**What the exercise asks:**
Transcribe every line from the one containing "image for item" to the end of the listing, exactly as written, and leave out the pictures.

**Data for this task:**
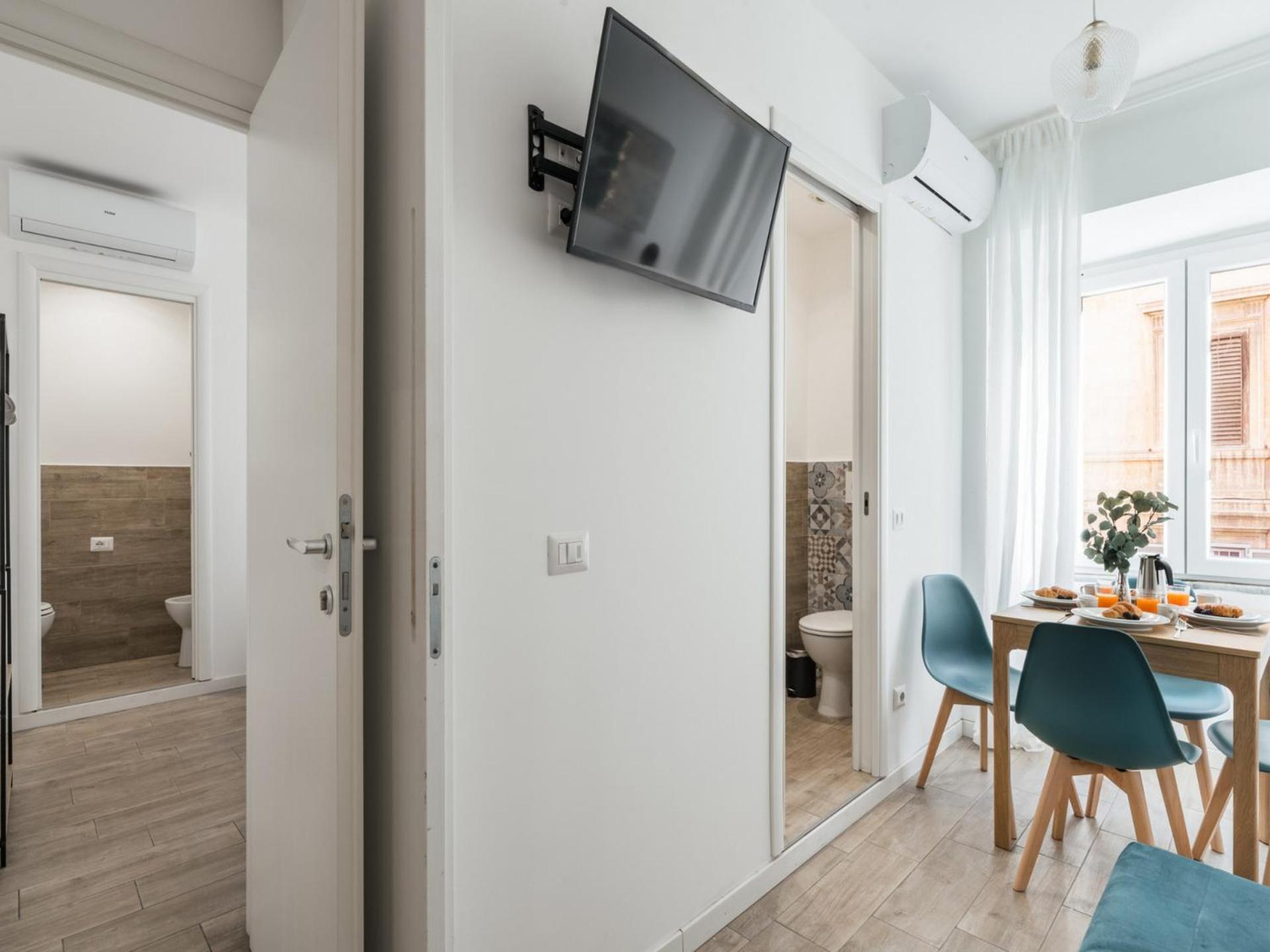 The Rent - Three-room Near The Colosseum * Roma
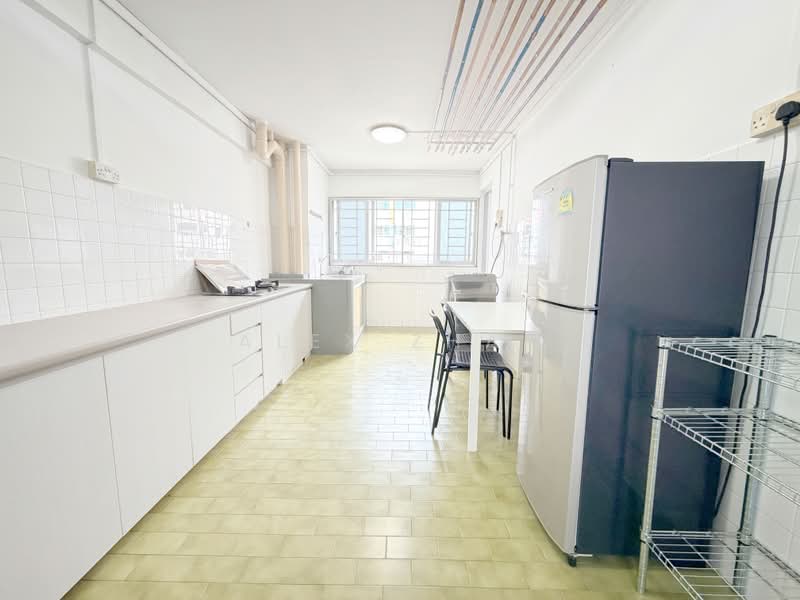 160 Yishun Street 11, 160 Yishun Street 11, 2 Bedrooms, 721 sqft, HDB Flat For Rent, by Alex Zhan, 500232942 - Kitchen - PropertyGuru.com.sg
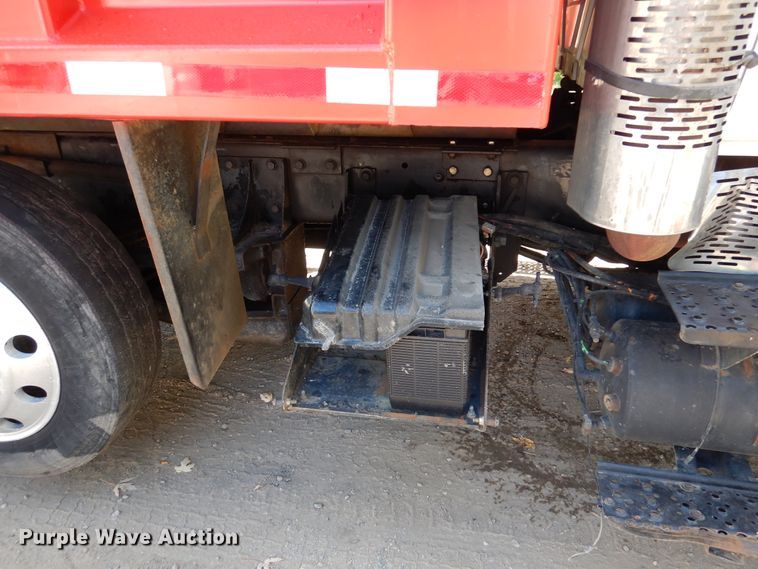 image for item AF9979 2006 International 7500  dump truck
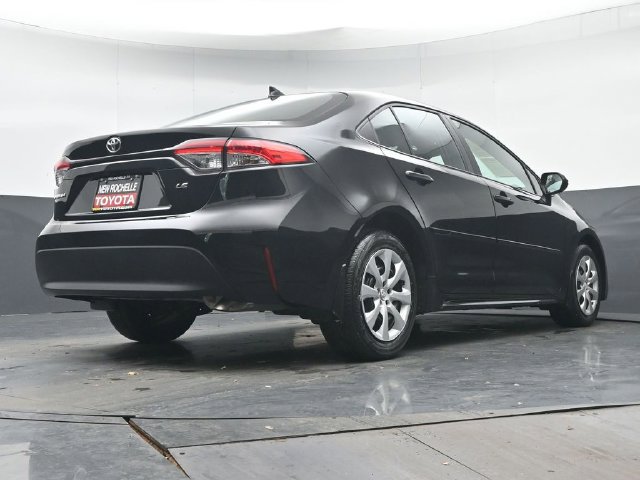 Certified 2024 Toyota Corolla LE FWD image 30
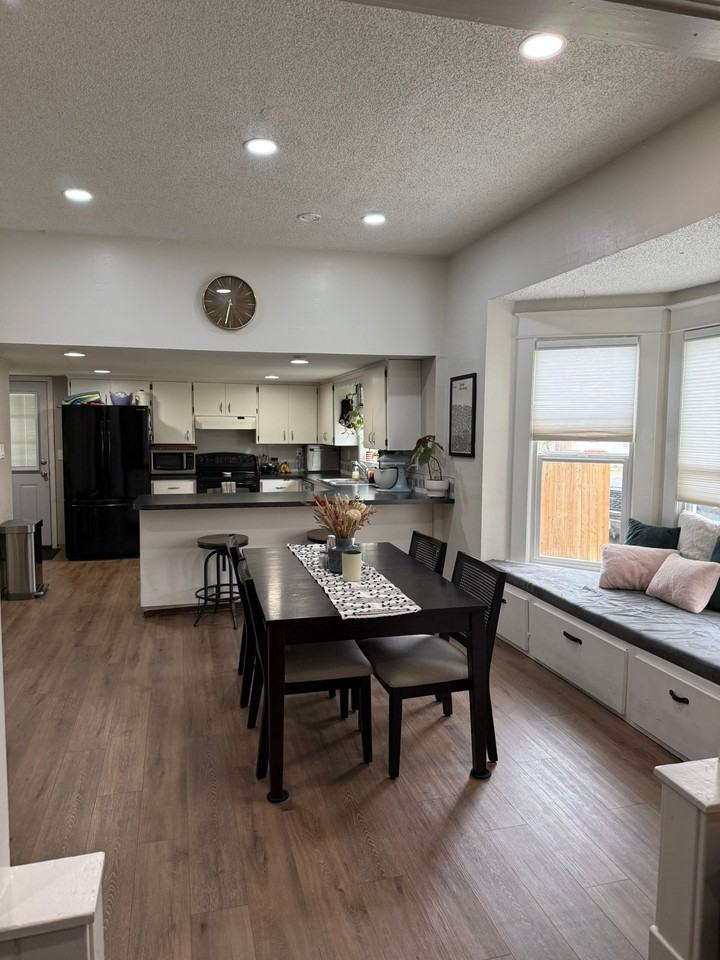 801 Guernsey St - Photo 5 of 16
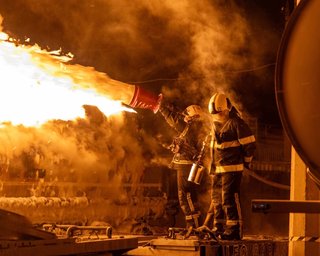 Массированный удар по Киеву: 6000 домов остались без отопления, атакована фабрика Roshen (видео)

**Result for this task:**
 image for item AF9979 2006 International 7500  dump truck
 Certified 2024 Toyota Corolla LE FWD image 30
 801 Guernsey St - Photo 5 of 16
 Массированный удар по Киеву: 6000 домов остались без отопления, атакована фабрика Roshen (видео)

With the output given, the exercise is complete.